Le elezioni 2018 della nuova pessima legge elettorale saranno ricordate per l’arrembaggio delle listarelle ad un collegio sicuro da farsi regalare.

Elezioni 2018, la differenza la faranno le listarelle. Ma più proliferano meno sarà il margine di voti a loro disposizione per superare la soglia dell’1%. Soglia che consente alle liste maggiori di non vedere disperso il voto. E mentre sarà impossibile per le liste neonate italiane eguagliare l’effetto En Marche! a molte di loro sarà preclusa anche la soglia del 3% che consentirebbe di avere eletti.

Le liste che non raggiungeranno il 3% su scala nazionale in queste elezioni 2018 non otterranno né deputati e né senatori. Ma superando la quota dell’1% potrebbero comunque fare la differenza. I voti presi dalle liste che superano questa minima soglia dell’1% verranno redistribuiti proporzionalmente fra le liste loro coalizzate che avranno riportato una percentuale superiore al 3%. Quindi la ripartizione dei seggi tra le liste che hanno superato la soglia verrà fatta tenendo anche conto delle liste che pur non avendo eletto nessuno hanno superato l’1%.

Teoricamente una sorta di turbo, o doping, per le coalizioni che avessero un numero maggiore di listarelle collegate

L’inghippo sta proprio qui. La benzina a disposizione della coalizione rischia di essere la stessa, ma se divisa tra più listarelle può farle finire a secco tutte prima del tempo. Ovvero prima di aver raggiunto la fatidica soglia minima dell’1%. Il rischio per le liste maggiori che hanno già in tasca i voti è quello di dover cedere un buon numero di seggi sicuri come contropartita per leader e leaderini che hanno creato le listarelle. D’altronde perchè sobbarcarsi la fatica immane di creare una loro lista che non raggiungerà mai il 3%? Il giochetto è presto detto. Chi non entra dalla porta entrerebbe dalla finestra. Per i collegi maggioritari vige la regola che il candidato che ha ottenuto più voti viene eletto. Ovviamente il candidato di coalizione è uno per ogni collegio. E molti saranno i leader delle listarelle che vorranno quel collegio maggioritario sicuro.

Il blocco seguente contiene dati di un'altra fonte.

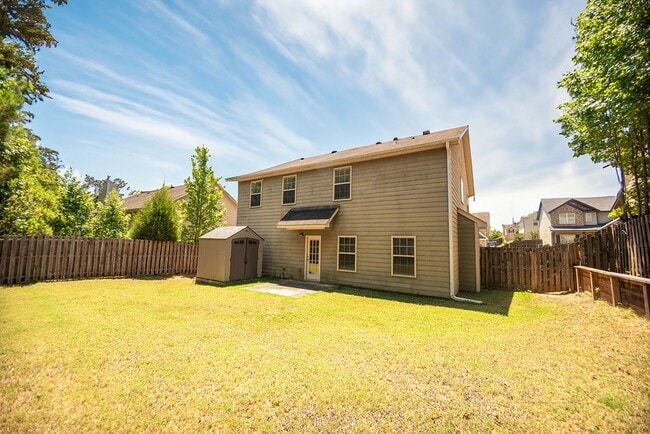 Building Photo - 2606 5 St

Trattativa levantina e ricatti

Quanti collegi sicuri mi dai per apparentarmi con te in queste elezioni 2018? A questa domanda, anzi prima, cominciano i balletti, gli strappi, i ricatti e le riconciliazioni. Ma i collegi sicuri sono sempre di meno, forse non bastano nemmeno per i fedelissimi delle grandi liste. E qui inizia la guerra. Prendiamo il centrodestra di Berlusconi-Salvini-Meloni. Silvio Berlusconi è il primo ad aver capito che la grande coalizione di listarelle può dare i suoi frutti. Ma non tutti i frutti sono dolci. Innanzitutto dovrà spartirsi i collegi sicuri con le altre due gambe, se resistono, della destra. Sia Salvini che la Meloni non hanno l’anello al naso e non saranno teneri in fatto di regali. Inoltre c’è il rischio che esagerando nelle regalie ci si trovi con un pugno di mosche in mano ed un boomerang sulla fronte. Più liste ci saranno e meno è scontato che superino l’1%.

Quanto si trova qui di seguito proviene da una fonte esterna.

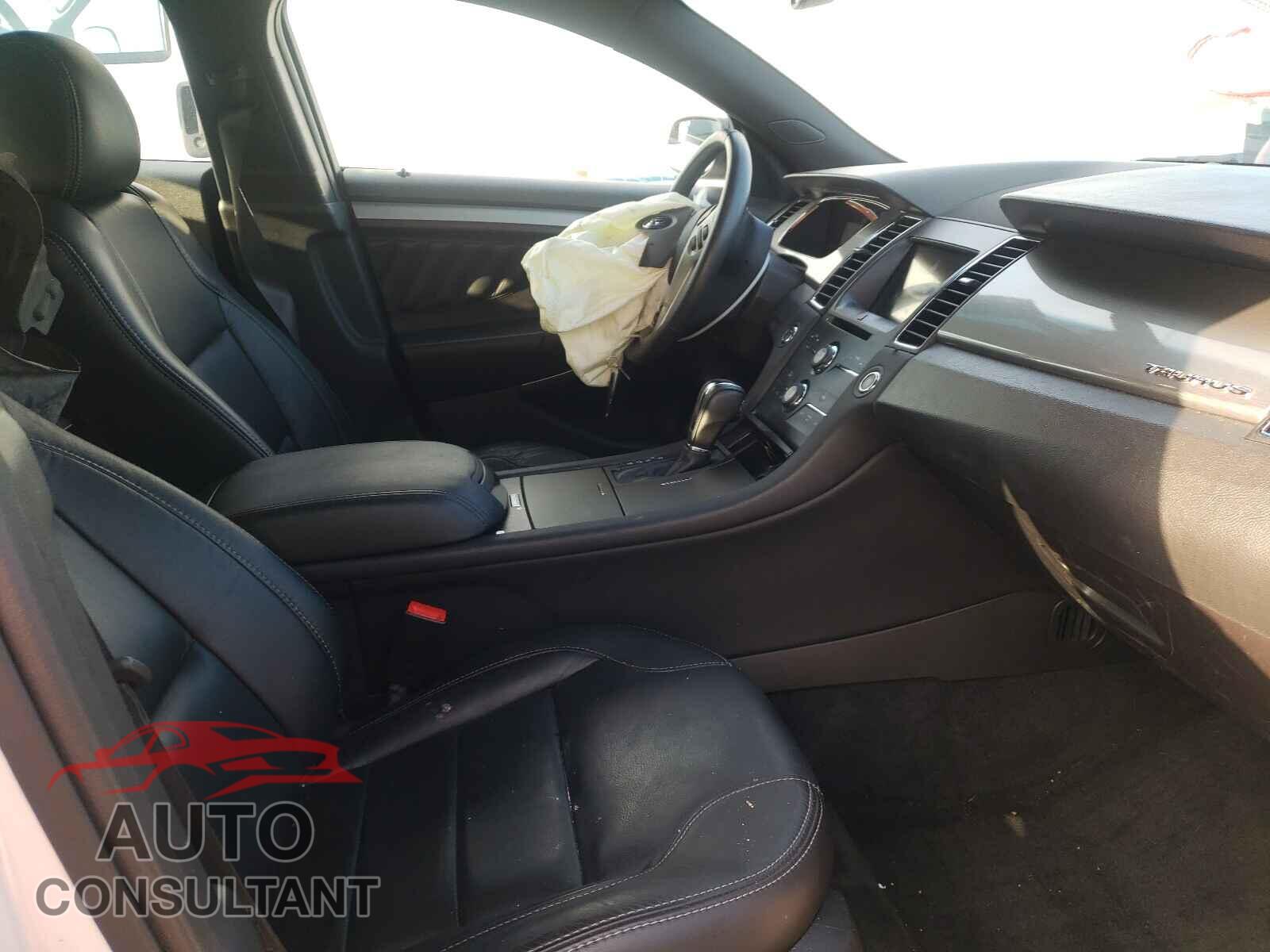 FORD TAURUS 2016 - 1FAHP2E86GG157631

Ma i capi di quelle liste il posto sicuro lo vogliono subito

Un pagamento anticipato per una scommessa futura che rischia di far perdere al Cavaliere un buon numero di eletti suoi. Discorso simile si può fare per Renzi. Ma Renzi ha un problema in più. Il PD arriva alle elezioni come banco di prova dagli esiti irrimediabili. Liberi e Uguali porterà via un bel po’ di voti. Non solo i pontieri sono all’opera, ma molti fra loro sanno che gran parte della responsabilità dello sfacelo a sinistra è colpa del giovane toscano. Per compattare i suoi Renzi dovrà essere munifico di posti in collegi blindati oltre che nel proporzionale. L’inserimento di soggetti elettorali che rischiano di fargli perdere voti suoi potrebbe essere fatale. Oltre al fatto che ne dovrebbe accontentare gli appetiti sottraendo altra legna al fuoco.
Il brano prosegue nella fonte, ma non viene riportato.